From a risk-reward perspective, the trade delivered 8% profit against a 3% stop, producing an R multiple of roughly 2.6R. This falls squarely within the performance range that professional traders typically aim for, where average winning trades tend to fall in the 2R–3R range. The primary mistake in the trade occurred during execution management. The original bracket order defined a 3% stop and a 10% target, but the stop was later modified manually, which resulted in the 10% bracket not being captured. This represents an execution deviation rather than a flaw in the setup. The system itself functioned correctly. Manual interference reduced the efficiency of the outcome. Because of this, the execution discipline component of the trade receives a grade of B-.
A subtle structural signal also increased the probability that the breakout would succeed. On the 1-minute and 2-minute charts, price formed a descending resistance line while simultaneously producing progressively higher lows. The sequence of lows—around 12:55, 1:15, 1:30, and 1:45—shows that each pullback stopped sooner than the previous one. This pattern reflects buyers stepping in earlier each time while sellers along the resistance line lose their ability to push price downward. This dynamic is commonly described as supply exhaustion. Additional confirmation appeared in the behavior of VWAP and the moving averages. Throughout the consolidation phase, price remained above VWAP, the 21- and 50-period moving averages flattened and began turning upward, and pullbacks repeatedly found support in that moving-average cluster. These signals indicate intraday accumulation rather than distribution. At the same time, candle ranges became progressively smaller as the structure developed, reflecting ATR contraction. Volatility compression of this type stores energy that often releases during the breakout phase.

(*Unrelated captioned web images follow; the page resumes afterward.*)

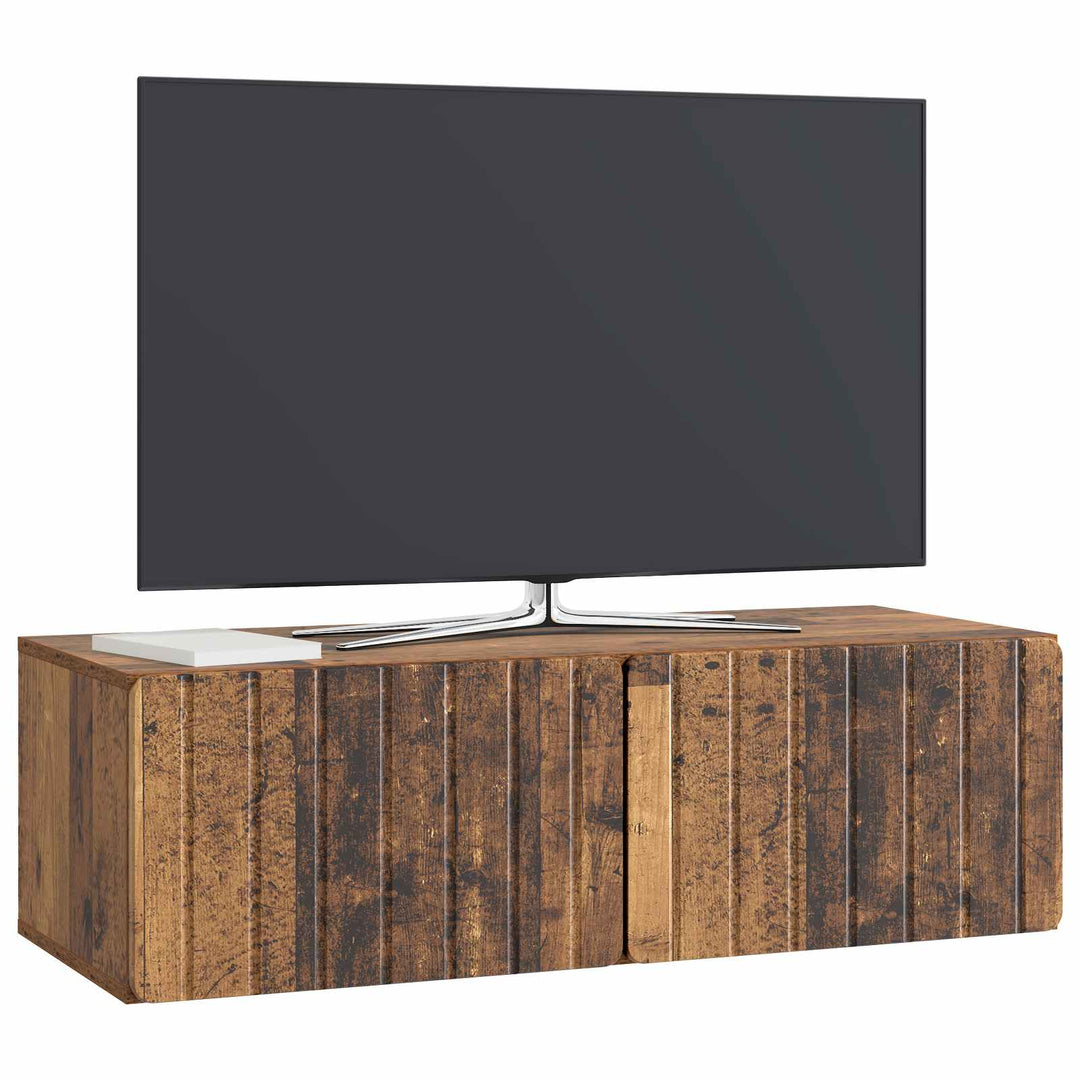 Væghængt TV-skab 98 x 41 x 30 cm Gammelt træ Konstrueret træ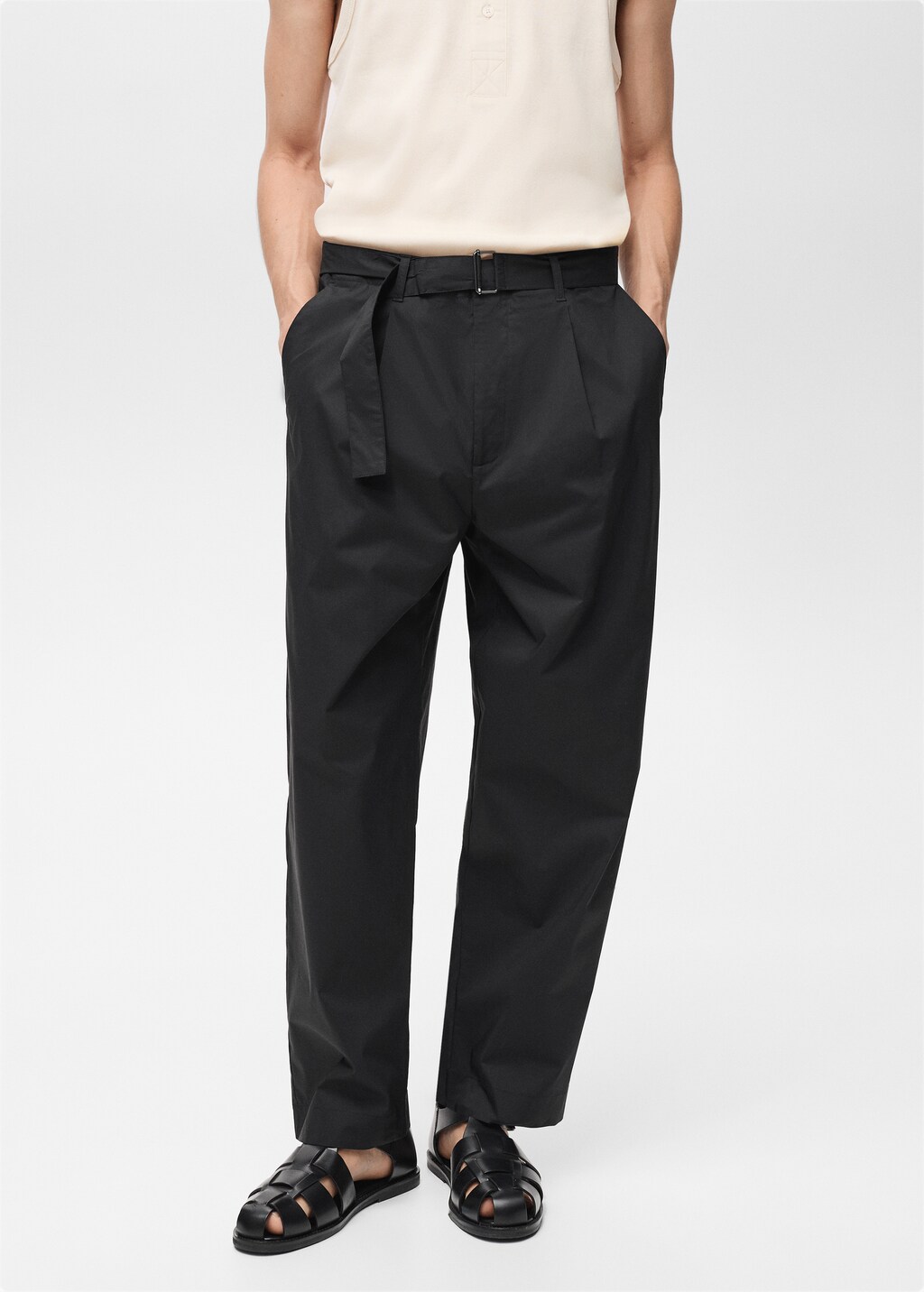 Relaxed-fit trousers with belt - Ecru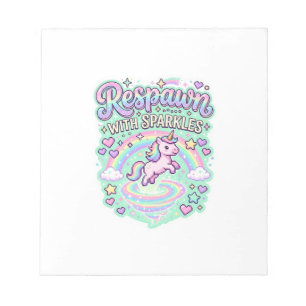 Unicorn Respawn with Sparkles Premium Vector Stick Notepad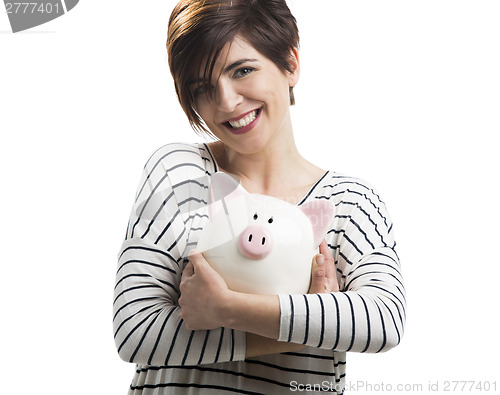 Image of Woman with a piggybank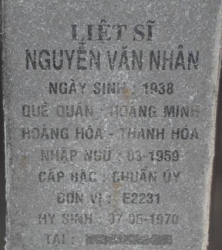 Tìm thân nhân liệt sĩ Nguyễn Văn Nhân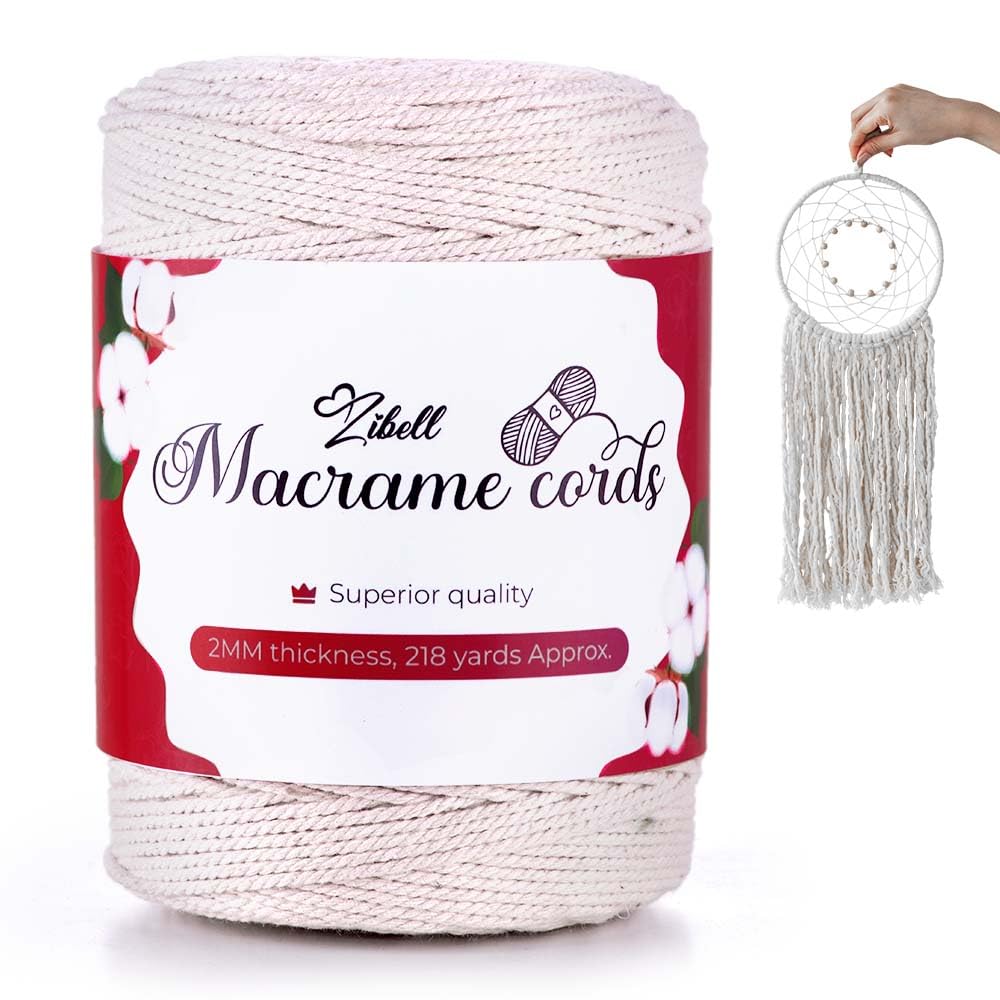 Macrame Cord 2mm x 218 Yards, 100% Natural Cotton Cord Macrame Rope Twisted Macrame String Wall Hanging Plant Hangers Gift Wrapping DIY Crafts Knitting Wedding Christmas Decorations by Zibell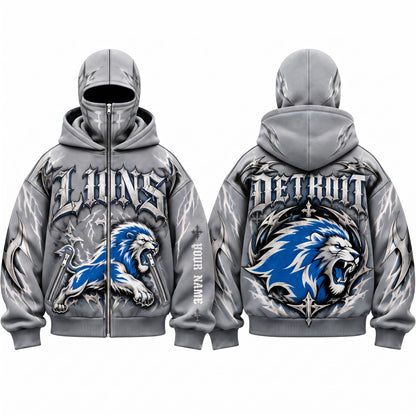 DET Gothic Style Personalized Mask Zip Up Hoodie - Printed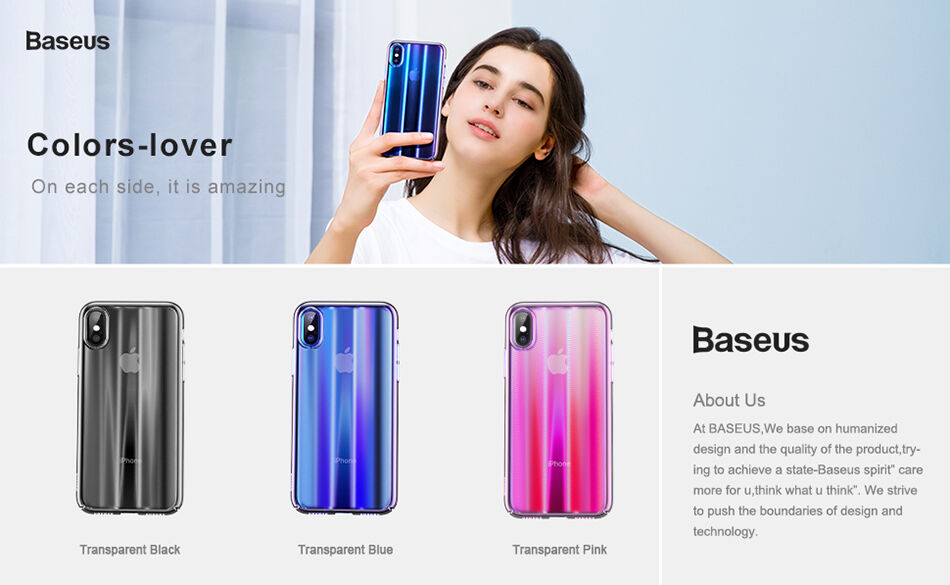 BASEUS Aurora etui do iPhone XS - niebieskie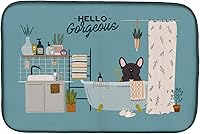 Vista 237 de Caroline's Treasures CK7824DDM - Tapete absorbente para secado de platos con diseño de bulldog inglés, rojo y blanco, para encimera de cocina, 14 x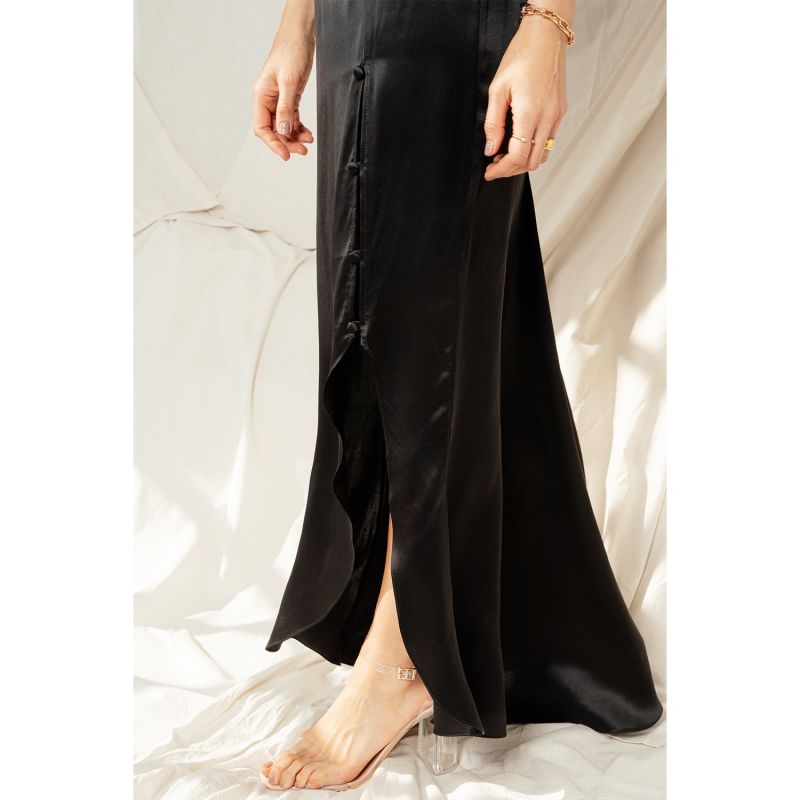 Godet Skirt With Slit Black image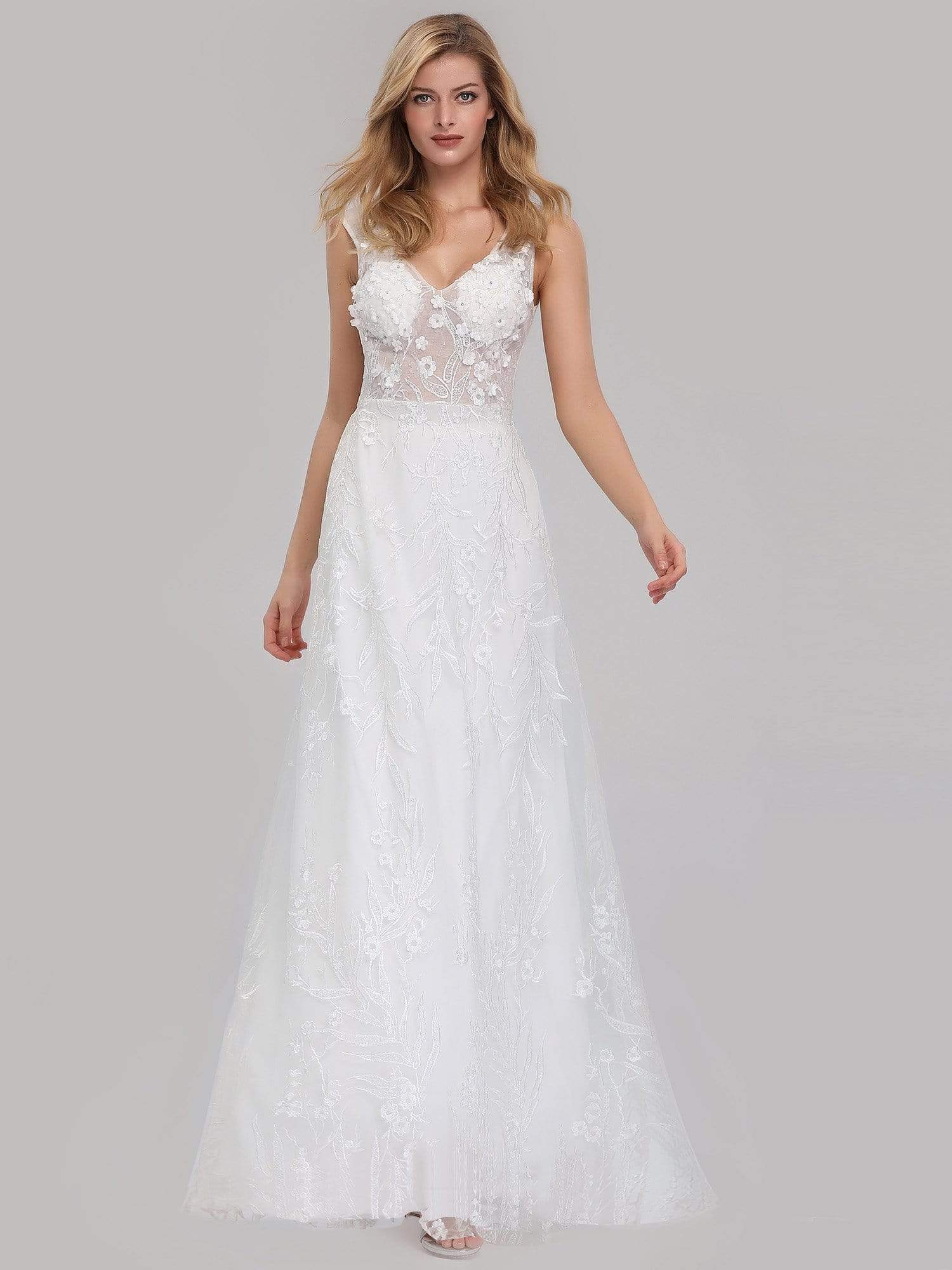 Color=Cream | Women'S V-Neck Lace Wedding Dress-Cream 1 Color=Cream | Women'S V-Neck Lace Wedding Dress-Cream 1
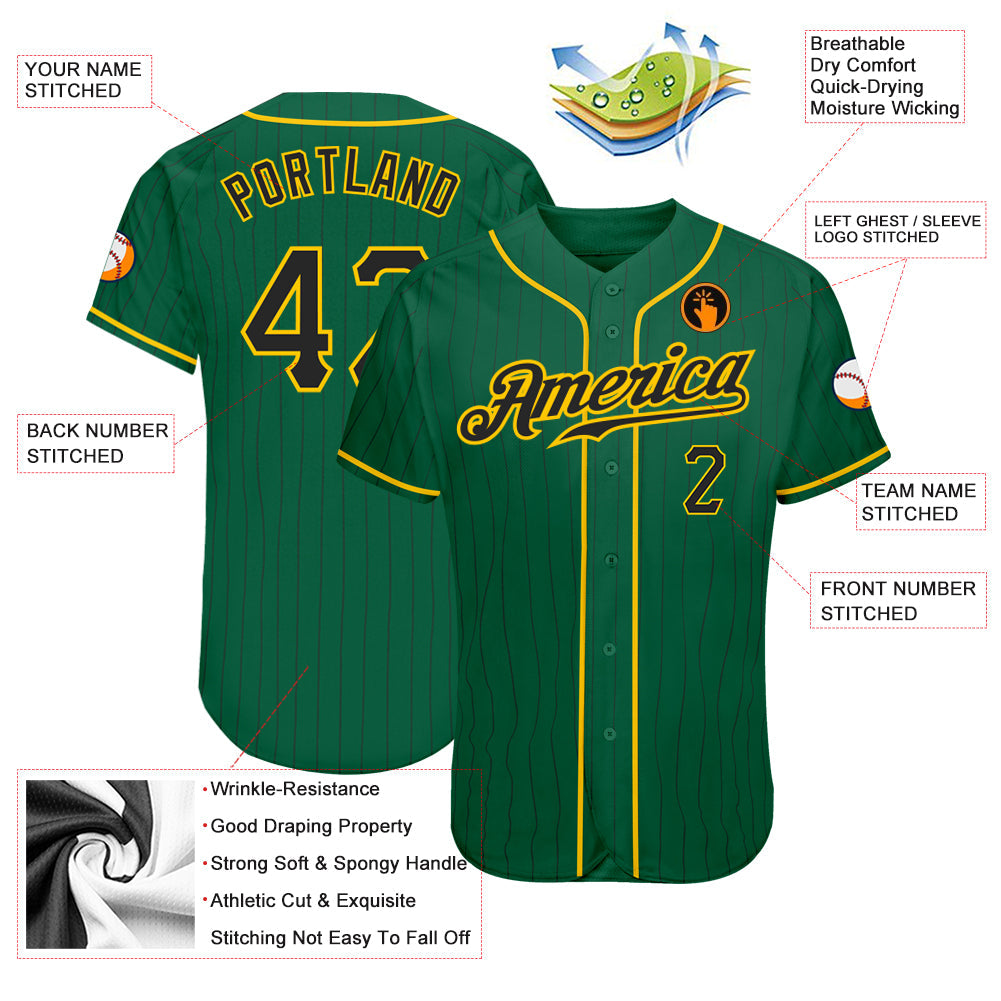 Custom Kelly Green Black Pinstripe Black-Gold Authentic Baseball Jersey view 3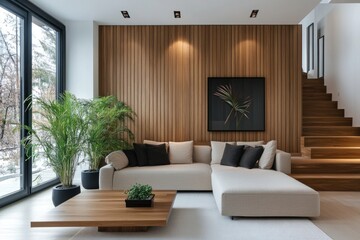 Poster - Modern living room with wooden wall featuring large l-shaped sofa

The time of day also supported the move. The breakout occurred during the 1:30–2:00 PM window, a period when liquidity frequently returns after the midday lull and when consolidation structures often resolve. This timing further increased the probability of follow-through. Taking all elements together—structure, entry timing, risk placement, and target logic—the trade scores highly across most components. Structure receives A, entry timing A, risk placement A, target logic A, liquidity C+, and execution discipline B-, resulting in an overall trade quality of A-. The most important takeaway is that the original bracket order was mechanically correct. The system defined 3% risk and a 10% target, and the trade produced approximately 2.6R, which represents a strong outcome. The only performance degradation occurred because of manual interference with the bracket. Overall, the BATL trade exemplifies the type of **high-asymmetry intraday continuation setup—impulse followed by compression and breakout, entered anticipatorily with defined risk—that fits the logic of your playbook and represents a pattern worth repeating consistently.